Fraternite... Qu'ils commencent par eux !??
An~

mac kinle
Vendredi 15 novembre 2024
Nous avons le notre: le Bro Gozh ma zadoù!

Plan Planeta
Vendredi 15 novembre 2024
En y regardant de plus près ou tout au moins en essayant :
Depuis Robespierre ou à cause de celui-ci, toute velléité d'une République non jacobine, c'est à dire non centraliste, est absolument exclue. Oui, ABSOLU-ment , comme le régime précédent et combattu de toutes les forces et de tout le sang d'hommes, de femmes et d'enfants ! A compter de ces jours sombres, terriblement horribles de la «terreur», toutes pensées, c'est à dire toutes personnes, pensant autrement que le tyran et de son mythe de «l'Homme universel» furent éradiquées, en clair et en forme : Décapitées ! ! !

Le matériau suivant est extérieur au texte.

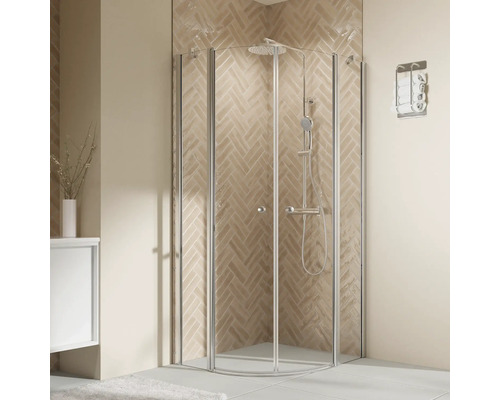 Runddusche mit Drehtür BREUER Elana 2.0 Express Q72 90 x 90 x 200 cm Profil chrom Klarglas schmutzabweisende Glasbeschichtung Runddusche mit Drehtür BREUER Elana 2.0 Express Q72 90 x 90 x 200 cm Profil chrom Klarglas schmutzabweisende Glasbeschichtung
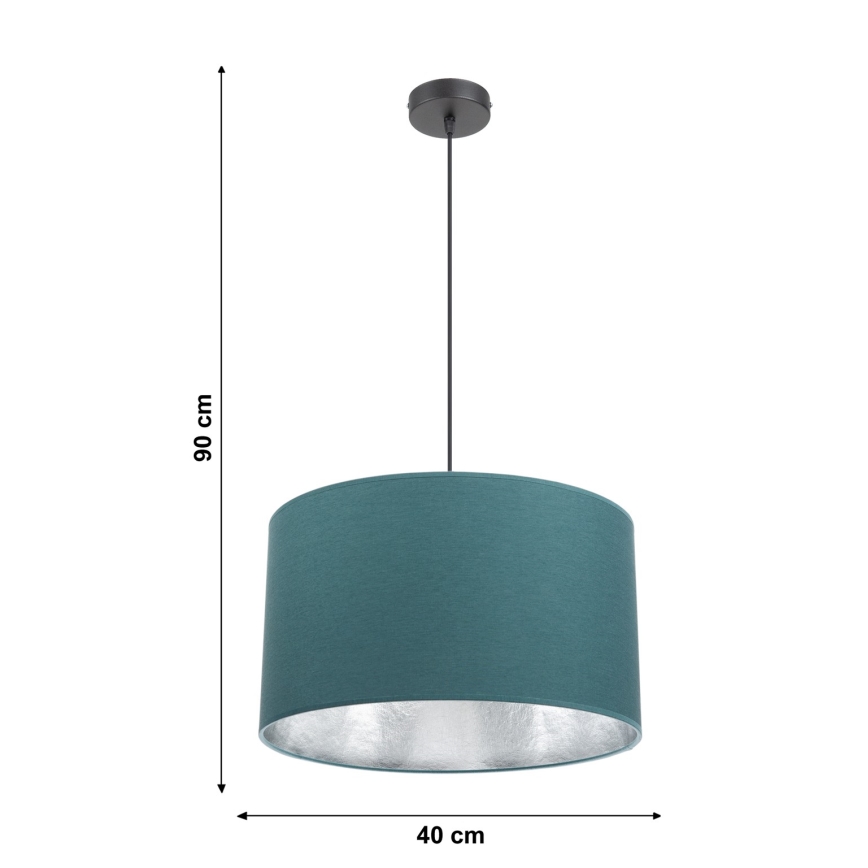 Підвісна люстра GLEAM 1xE27/60W/230V бірюзовий/срібний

LA République est restée ainsi pendant près de deux siècles, dans un centralisme absolutiste avant une petitounette (pardonnez ce néologisme diglossique) décrispation, arrivée justement dans les années 80 du siècle passée. Aujourd'hui cette décentralisation ne consiste pour l’État qu'à refiler les secteurs où les dettes et le passif sont colossaux mais ceci n'est que politique capitaliste n'es-ce-pas ? Et démerde toi ! Enfin un peu de «Fraternité» oserais-je imaginer ?

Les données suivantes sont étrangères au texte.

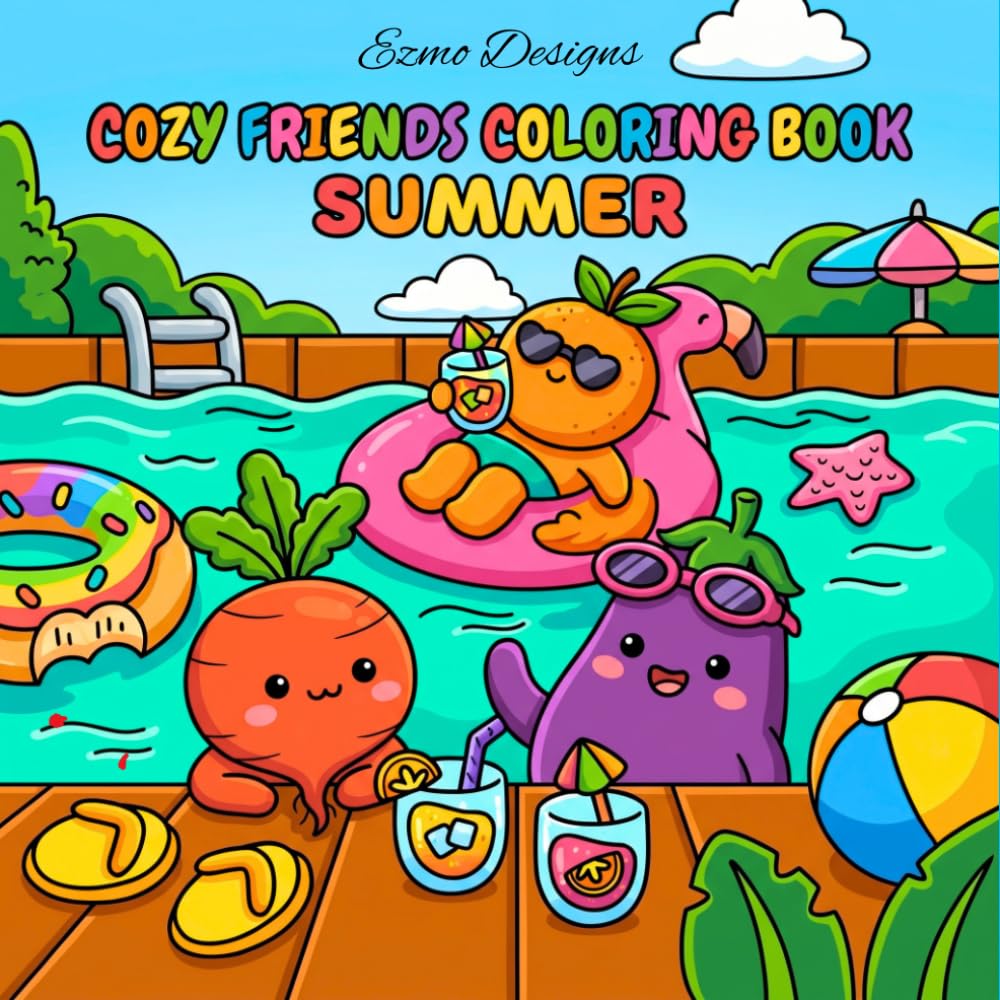 Cozy Friends Coloring Book Summer: Cute Fruit and Vegetable Characters for Relaxation – 50 Adorable Cozy Designs for Stress Relief!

Depuis donc cette époque Robespierrenne, tyrannique tel un Staline ne l'aurait rêvée et toute la pléiades de fascistes : Hitler, Mussolini, Pinochet, Franco... -nul doute qu'en cette personne (Robespierre) ils n'aient trouvé leur modèle idéal- il n'y a plus eu au pouvoir exécutif une autre forme de pensée que «Nationaliste». Nous comprendrons au passage que si demain, c'est à dire tout à l'heure, la France glisse irrémédiablement vers l'extrême droite et son mouvement bleu marine le plus représentatif, ce ne sera que le résultat logique de ce jacobinisme, de ce racisme, ostracisme, fascisme, appelons-le comme on veut mais en tous cas par son vrai non de famille de pensée, à l'égard des langues régionales, de ces citoyens, de tous les enfants de la République...

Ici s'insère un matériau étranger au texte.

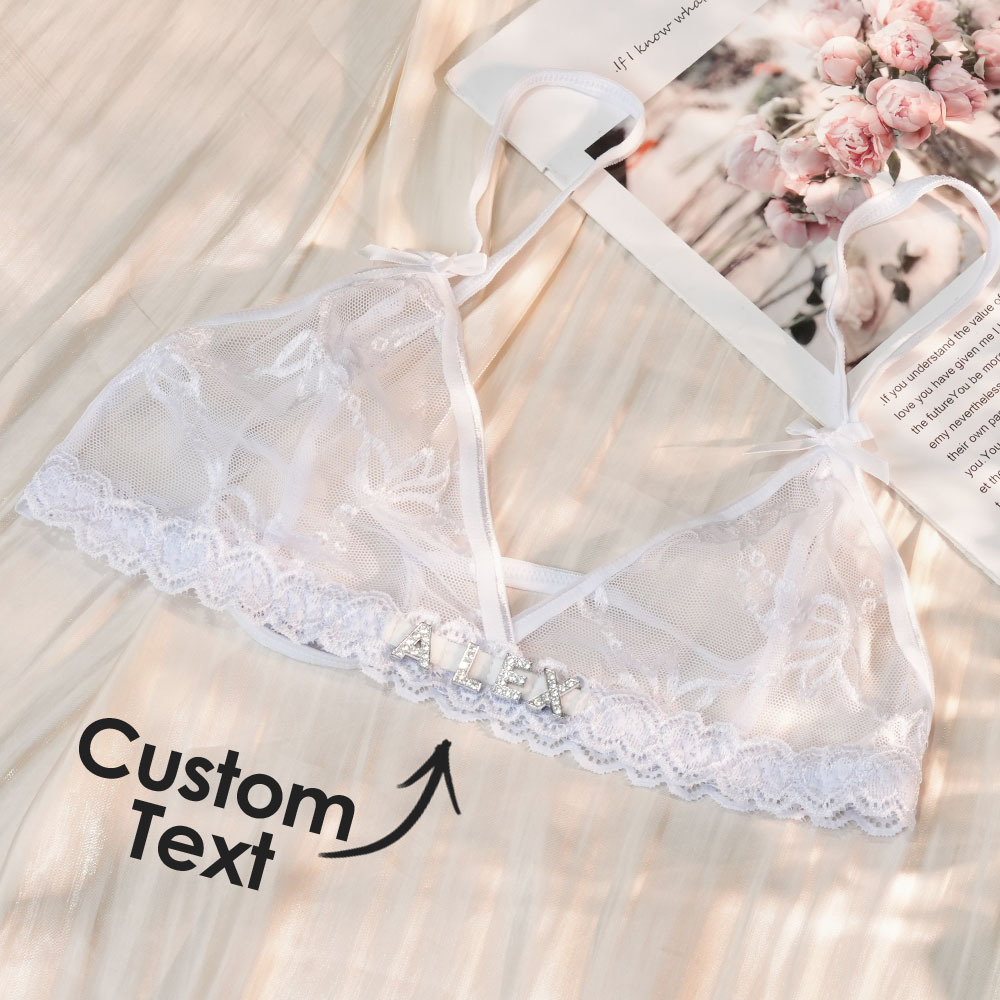 Custom Lace Bra With Jewelry Crystal Letter Name Lace Transparent Underwear Gift For Her - soufeelau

Bien évidemment ceci commence par l’éducation à l'école de la République, par la plus tendre enfance, l’Éducation «Nationale». Le vers est donc dans le fruit, la propagande bien en place, et depuis bien longtemps. Il ne fut «retenu» (le vers) que par le combat de beaucoup d'hommes et de femmes qui aujourd'hui se réduisent en nombre considérablement, hélas, comme peau de chagrin. Pas besoin de psychanalyse pour savoir que les mots employés, serinés, représentent l'objectif profond conscient ou inconscient d'une personne morale, si ?
La Nation !
Alors on pourra toujours écrire, protester, justifier,... , rien n'y fera, car le cerveau tout simplement ne l'acceptera pas et pour le plus grand nombre d'entre-nous, jamais. Ceci apparaîtra plutôt comme au mieux des gesticulations passéistes donc veines et inutiles car nous avons d'autres chats à fouetter voyons, soyons raisonnables, ou une menace fasciste dans un pur effet de miroir, de la psychée, renvoyant l'image d'un moi profond (politique) car si l'on n'éradique pas, décapite pas, les langues régionales, c'est nous-même qui seront décapités au nom sacré de la République.
Depuis près de 8 générations nous prouvons que que Bil Gates et son Windows n'avaient rien inventer en méthode de formatage. Nous vivons ainsi une «Histoire de France» complètement erronée, préfabriquée, propagandiste. Nous y voyons un Louis XIV surnommé «Soleil» alors qu'il révoqua «l’Édit de Nantes» et remis un pays dans le pire des contextes c'est à dire allier dans un même espace, une guerre de religion à une guerre civile. Un Saint-Louis qui n'était en fait qu'un «gros porc»...
Pourquoi bâtir un pays sur un passé dont ont vient de décapiter ses «derniers »représentants ? Et bien parce que l'on reprend sa sainte trinité : Noblesse, Clergé, Esclaves et on change simplement les noms sans n'y rien changer de son fonctionnement : Politiques, Intellectuels (profs, journalistes, artistes (conventionnés)... qui dispensent la bonne parole de l’Évangile Républicain sauce France) et encore et toujours les Esclaves.